The day after Jesus had restored the servant of the Centurion to health by His word alone, He came to the City of Nain and raised the son of the widow from death to life by His touch.
The Gospel of Saint Luke emphasizes the power of God, and His authority over creation. Truly Jesus is the Son of God, “through Whom all things were made.” For this reason, after witnessing Jesus raise the widow’s son to life, the people glorified God and said, “a great prophet is risen up among us” and “God has visited His people.” (Luke 7:16)
Jesus did not merely restore this young man to life so as to show His power, but He did so moreover to indicate that we, too, can be raised by Him from spiritual death to life.
Jesus healed the Centurion’s servant by His word alone; this young man was miraculously raised to life not only by His word but also by His touching the bier.
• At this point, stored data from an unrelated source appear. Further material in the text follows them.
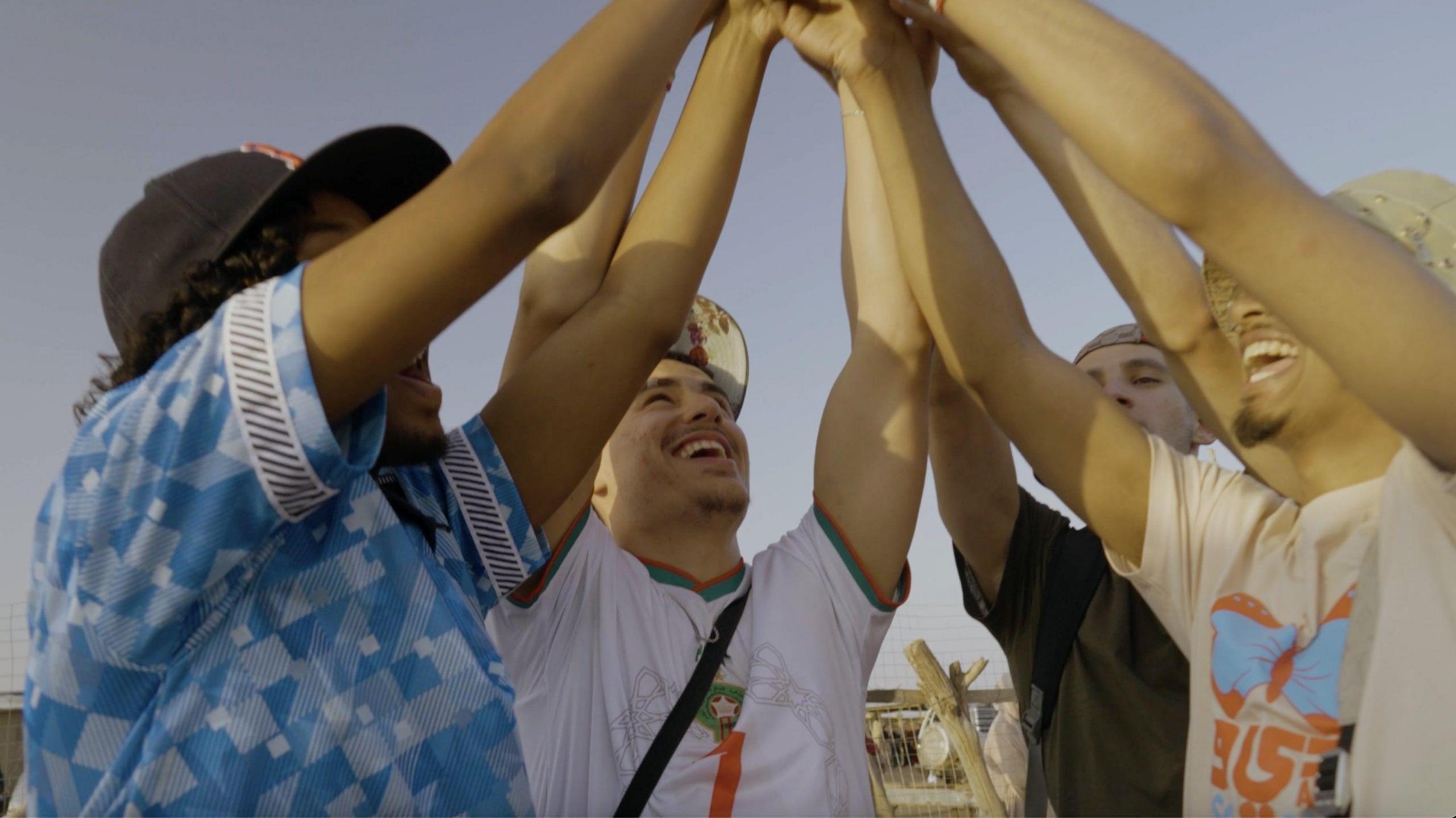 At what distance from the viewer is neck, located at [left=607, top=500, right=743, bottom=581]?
3.06 metres

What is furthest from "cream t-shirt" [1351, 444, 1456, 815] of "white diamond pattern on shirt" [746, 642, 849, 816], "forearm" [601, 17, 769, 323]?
"forearm" [601, 17, 769, 323]

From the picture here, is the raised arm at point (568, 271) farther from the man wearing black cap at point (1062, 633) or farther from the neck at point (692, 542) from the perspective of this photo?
the man wearing black cap at point (1062, 633)

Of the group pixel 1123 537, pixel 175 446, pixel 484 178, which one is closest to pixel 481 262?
pixel 484 178

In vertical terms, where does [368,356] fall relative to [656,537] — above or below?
above

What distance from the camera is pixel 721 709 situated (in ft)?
8.07

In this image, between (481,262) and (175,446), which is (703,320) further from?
(175,446)

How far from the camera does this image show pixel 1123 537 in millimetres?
2516

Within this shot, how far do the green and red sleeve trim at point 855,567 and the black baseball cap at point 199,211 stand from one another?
1376 mm

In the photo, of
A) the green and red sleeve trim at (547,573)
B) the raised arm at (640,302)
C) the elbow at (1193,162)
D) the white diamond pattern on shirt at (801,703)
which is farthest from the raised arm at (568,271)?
the elbow at (1193,162)

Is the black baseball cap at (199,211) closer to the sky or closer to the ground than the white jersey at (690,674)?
closer to the sky

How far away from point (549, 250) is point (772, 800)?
4.63 feet

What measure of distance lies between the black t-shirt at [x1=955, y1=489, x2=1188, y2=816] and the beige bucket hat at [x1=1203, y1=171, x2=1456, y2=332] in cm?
105

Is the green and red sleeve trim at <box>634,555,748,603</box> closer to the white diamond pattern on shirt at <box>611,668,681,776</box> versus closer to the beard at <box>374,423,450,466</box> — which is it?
the white diamond pattern on shirt at <box>611,668,681,776</box>

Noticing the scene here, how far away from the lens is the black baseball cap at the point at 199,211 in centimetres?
168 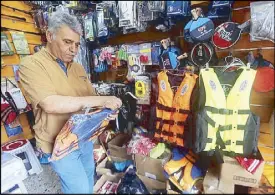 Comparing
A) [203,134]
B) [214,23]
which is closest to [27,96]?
[203,134]

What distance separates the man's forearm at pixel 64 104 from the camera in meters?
0.44

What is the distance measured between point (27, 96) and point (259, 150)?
1.19 meters

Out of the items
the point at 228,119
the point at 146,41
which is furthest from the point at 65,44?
the point at 146,41

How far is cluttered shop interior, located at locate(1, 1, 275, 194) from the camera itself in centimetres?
35

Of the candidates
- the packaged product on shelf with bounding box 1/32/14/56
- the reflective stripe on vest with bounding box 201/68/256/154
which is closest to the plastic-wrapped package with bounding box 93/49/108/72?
the packaged product on shelf with bounding box 1/32/14/56

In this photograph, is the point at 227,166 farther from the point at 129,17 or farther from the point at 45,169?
the point at 129,17

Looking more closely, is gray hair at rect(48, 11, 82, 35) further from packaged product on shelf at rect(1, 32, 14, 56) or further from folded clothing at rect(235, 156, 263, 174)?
folded clothing at rect(235, 156, 263, 174)

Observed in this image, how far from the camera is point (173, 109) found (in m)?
1.23

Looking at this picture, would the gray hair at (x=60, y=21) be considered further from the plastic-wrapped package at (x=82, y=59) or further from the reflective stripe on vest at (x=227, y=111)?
the reflective stripe on vest at (x=227, y=111)

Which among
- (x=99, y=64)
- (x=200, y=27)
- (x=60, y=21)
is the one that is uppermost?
(x=200, y=27)

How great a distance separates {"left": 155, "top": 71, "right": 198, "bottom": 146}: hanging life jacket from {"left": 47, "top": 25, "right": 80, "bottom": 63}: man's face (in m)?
0.81

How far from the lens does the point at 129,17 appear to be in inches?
54.2

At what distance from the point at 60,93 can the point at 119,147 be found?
0.98 metres

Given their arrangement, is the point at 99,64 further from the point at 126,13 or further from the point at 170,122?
the point at 126,13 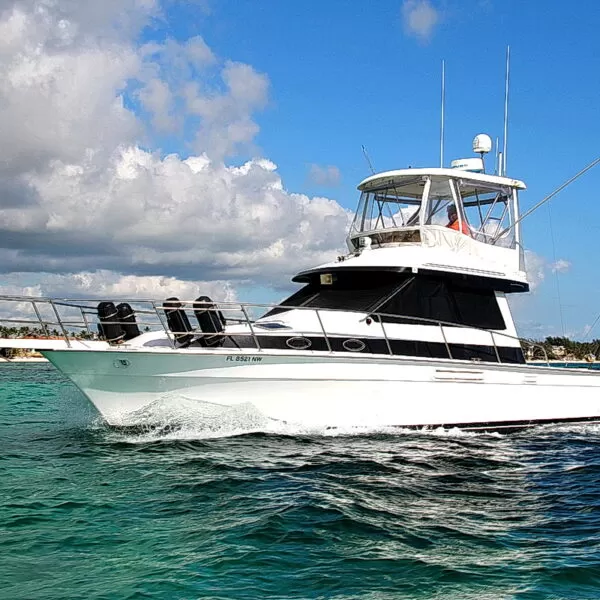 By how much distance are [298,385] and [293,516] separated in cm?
417

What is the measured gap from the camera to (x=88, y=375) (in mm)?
10789

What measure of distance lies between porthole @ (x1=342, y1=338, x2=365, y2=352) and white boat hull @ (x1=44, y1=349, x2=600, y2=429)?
33 cm

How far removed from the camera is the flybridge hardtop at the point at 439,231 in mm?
13477

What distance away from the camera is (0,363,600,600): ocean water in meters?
5.32

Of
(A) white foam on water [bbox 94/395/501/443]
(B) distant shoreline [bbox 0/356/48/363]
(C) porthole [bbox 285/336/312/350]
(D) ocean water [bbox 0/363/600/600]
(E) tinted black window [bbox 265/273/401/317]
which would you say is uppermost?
(B) distant shoreline [bbox 0/356/48/363]

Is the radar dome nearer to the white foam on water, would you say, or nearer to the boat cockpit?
the boat cockpit

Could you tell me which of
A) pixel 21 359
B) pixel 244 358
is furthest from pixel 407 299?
pixel 21 359

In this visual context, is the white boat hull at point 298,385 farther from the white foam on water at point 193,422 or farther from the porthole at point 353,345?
the porthole at point 353,345

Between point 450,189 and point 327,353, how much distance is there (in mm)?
5346

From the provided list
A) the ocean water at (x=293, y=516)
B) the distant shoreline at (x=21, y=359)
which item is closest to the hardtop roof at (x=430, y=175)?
the ocean water at (x=293, y=516)

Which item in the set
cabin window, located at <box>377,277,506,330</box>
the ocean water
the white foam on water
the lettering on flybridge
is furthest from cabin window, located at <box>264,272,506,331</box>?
the white foam on water

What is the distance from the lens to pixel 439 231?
1410cm

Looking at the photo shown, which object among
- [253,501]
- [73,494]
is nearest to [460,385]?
[253,501]

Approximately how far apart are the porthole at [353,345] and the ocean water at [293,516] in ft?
4.33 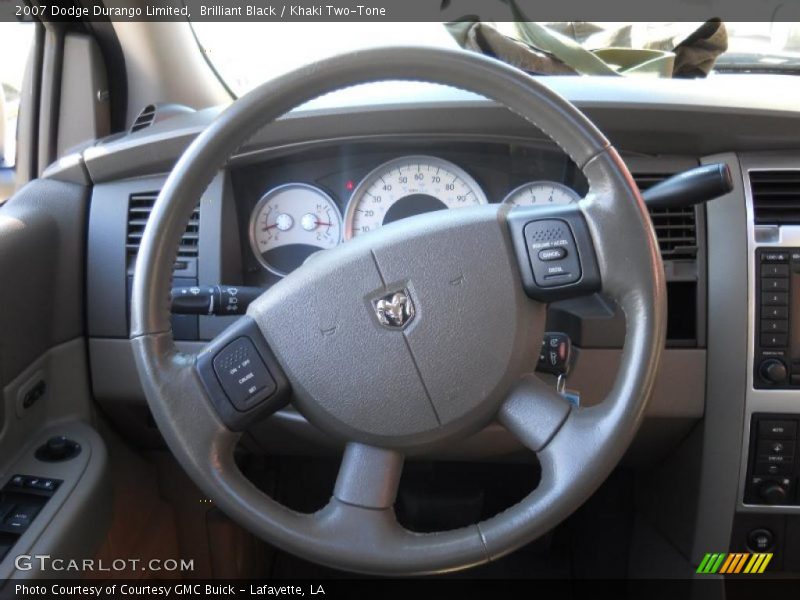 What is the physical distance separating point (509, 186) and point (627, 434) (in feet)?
2.16

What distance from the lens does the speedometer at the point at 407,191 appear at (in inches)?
56.5

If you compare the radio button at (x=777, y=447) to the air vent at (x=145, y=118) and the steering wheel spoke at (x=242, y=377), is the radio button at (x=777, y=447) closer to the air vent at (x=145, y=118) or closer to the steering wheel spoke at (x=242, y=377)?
the steering wheel spoke at (x=242, y=377)

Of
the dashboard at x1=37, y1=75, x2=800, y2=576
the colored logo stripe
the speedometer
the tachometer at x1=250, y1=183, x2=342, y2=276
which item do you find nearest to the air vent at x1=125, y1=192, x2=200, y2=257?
the dashboard at x1=37, y1=75, x2=800, y2=576

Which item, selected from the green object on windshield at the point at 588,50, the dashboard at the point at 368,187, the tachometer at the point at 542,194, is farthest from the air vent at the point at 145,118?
the tachometer at the point at 542,194

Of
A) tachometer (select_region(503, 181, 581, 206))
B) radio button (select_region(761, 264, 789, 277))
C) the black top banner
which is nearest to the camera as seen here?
radio button (select_region(761, 264, 789, 277))

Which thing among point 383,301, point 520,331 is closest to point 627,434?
point 520,331

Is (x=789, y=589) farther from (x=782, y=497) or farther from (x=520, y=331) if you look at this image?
(x=520, y=331)

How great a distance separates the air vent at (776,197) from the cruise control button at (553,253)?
55 cm

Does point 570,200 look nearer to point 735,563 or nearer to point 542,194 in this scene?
point 542,194

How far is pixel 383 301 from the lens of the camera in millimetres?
Answer: 992

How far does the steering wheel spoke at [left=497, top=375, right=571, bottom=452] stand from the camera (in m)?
0.97

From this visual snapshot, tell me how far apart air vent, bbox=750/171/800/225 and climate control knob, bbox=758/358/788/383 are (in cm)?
24

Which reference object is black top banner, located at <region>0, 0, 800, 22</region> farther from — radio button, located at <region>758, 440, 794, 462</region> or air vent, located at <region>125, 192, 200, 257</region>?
radio button, located at <region>758, 440, 794, 462</region>

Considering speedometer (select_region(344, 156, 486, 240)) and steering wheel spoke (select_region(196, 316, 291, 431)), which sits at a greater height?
speedometer (select_region(344, 156, 486, 240))
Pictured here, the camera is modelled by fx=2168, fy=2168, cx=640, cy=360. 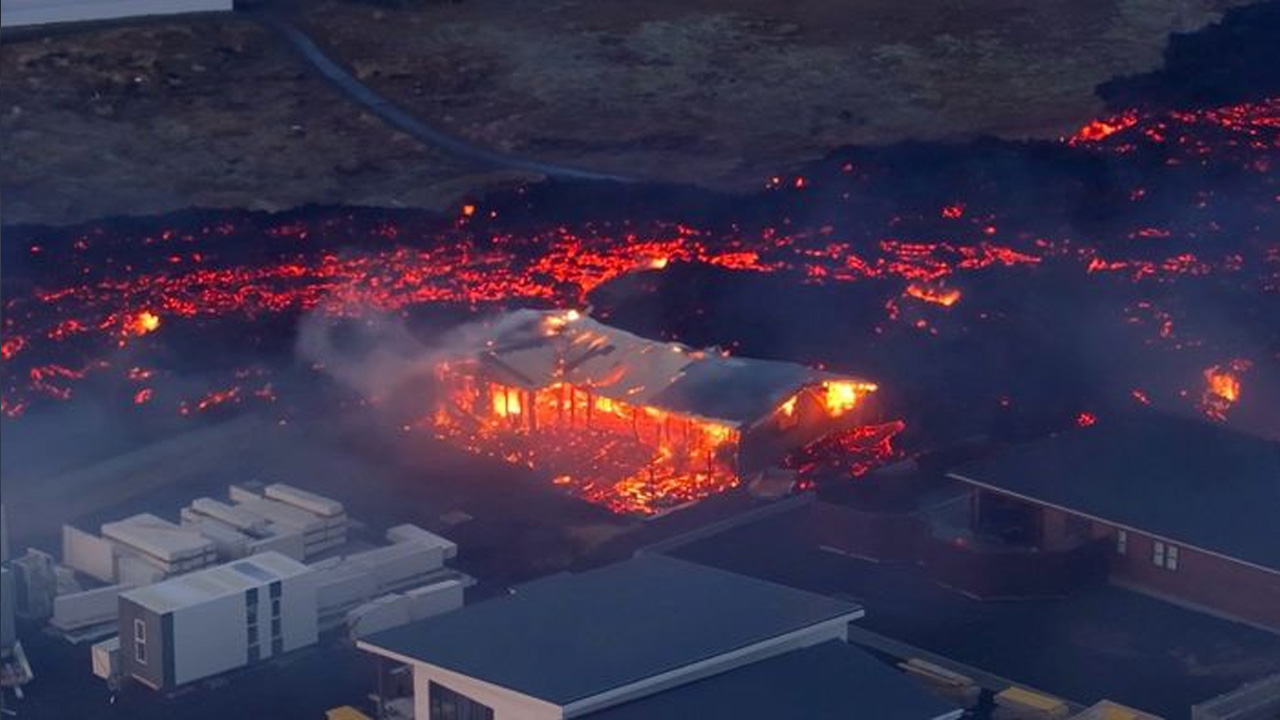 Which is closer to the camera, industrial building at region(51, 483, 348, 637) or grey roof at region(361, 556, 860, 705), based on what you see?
grey roof at region(361, 556, 860, 705)

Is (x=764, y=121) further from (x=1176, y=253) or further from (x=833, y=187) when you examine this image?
(x=1176, y=253)

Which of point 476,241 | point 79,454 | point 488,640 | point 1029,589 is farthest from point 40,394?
point 1029,589

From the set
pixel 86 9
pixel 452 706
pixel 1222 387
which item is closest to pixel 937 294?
pixel 1222 387

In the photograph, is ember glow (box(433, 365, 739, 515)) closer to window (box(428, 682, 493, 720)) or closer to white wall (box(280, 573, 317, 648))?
white wall (box(280, 573, 317, 648))

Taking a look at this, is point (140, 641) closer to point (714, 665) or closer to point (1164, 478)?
point (714, 665)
In this, Jesus teaches us that His very Body is life.
This is why during the Divine Liturgy we not only listen to the word of God in the Holy Scriptures, but we also receive His most-holy Body and life-giving Blood in Holy Communion.
God the Word gives life to all things, and Himself became flesh for our sake. His flesh is likewise life-creating, and takes away death and corruption from us who receive it.
Allegorically, the widow represents the soul which has lost its husband, the Word of God Who sows the good seed. The widow’s son represents the mind which is being carried outside the city, the heavenly Jerusalem which is the land of the living. The bier represents the body which carries within it the dead mind, the son.
Jesus touched the bier just as He touches our body in the Sacraments, especially when we receive Holy Communion.
In touching the bier Jesus raised the son, just as when He touches us in Holy Communion He raises our mind, restoring youth and vigor to it – the ability to see and understand the truth clearly.
Jesus delivered the son to his widowed mother, just as He restores our body and mind to our soul, thereby making us whole and happy once again. He thus rejoins us to Himself, for He is the Word of God “in Whom we live and move and have our being.” (Acts 17:28)
Jesus has restored the nature of man to that which it originally was; and has set free our mortal nature from the bonds of death.